1. ## Exponential Random Variable Problem

Problem: A submarine has three navigational devices but can remain at sea if at least two are working. Suppose that the failure times are exponential with means 1 year, 1.5 years, and 3 years. What is the average length of time the boat can remain at sea?

Some basic facts:

Density for an exponential random variable: f(x)= λe-λx for x>=0
E(T)=1/λ if T is an exponential random variable

Maybe relevant: P(S<T)=λS / (λS + λT) for exponential random variables S and T, and this is similar for many exponential random variables.

Where I've gotten:

The boat can remain at sea until 2 parts break.
Let T be the time that the boat can remain at sea.

Since the sample space can be divided into the order in which the parts fail, we have:

E(T)= Sum where 1<=i,j,k<=3 of: E(T|Ti<Tj<Tk)P(Ti<Tj<Tk)

where E(T|Ti<Tj<Tk)=E(Tj|Ti<Tj<Tk) since the boat can remain at sea until two parts fail.

Now, this would be a similar method that we've used with discrete random variables in class. Unfortunately, I'm a little rusty with my continuous probability. Is there somewhere to go from here, or maybe an easier way to approach the problem?

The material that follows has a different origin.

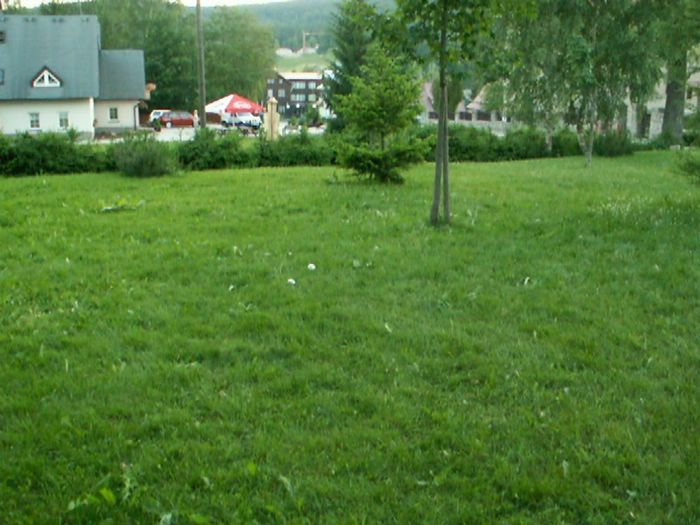 PICT0076.JPG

Designate the navigational devices 1 and 2 and 3, with corresponding times to failure $T_{1}$ and $T_{2}$ and $T_{3}$ respectively. Suppose that devices 1 and 2 are connected in parallell and that the parallell coupling is connected in series to device 3. Then the navigational system is operational if (1 and 2 are operational) or if (2 and 3 are operational).
The system is operational at time $t$ if
$\min(T_{1},T_{3}) > t \text{ or } \min(T_{2},T_{3}) > t \ .$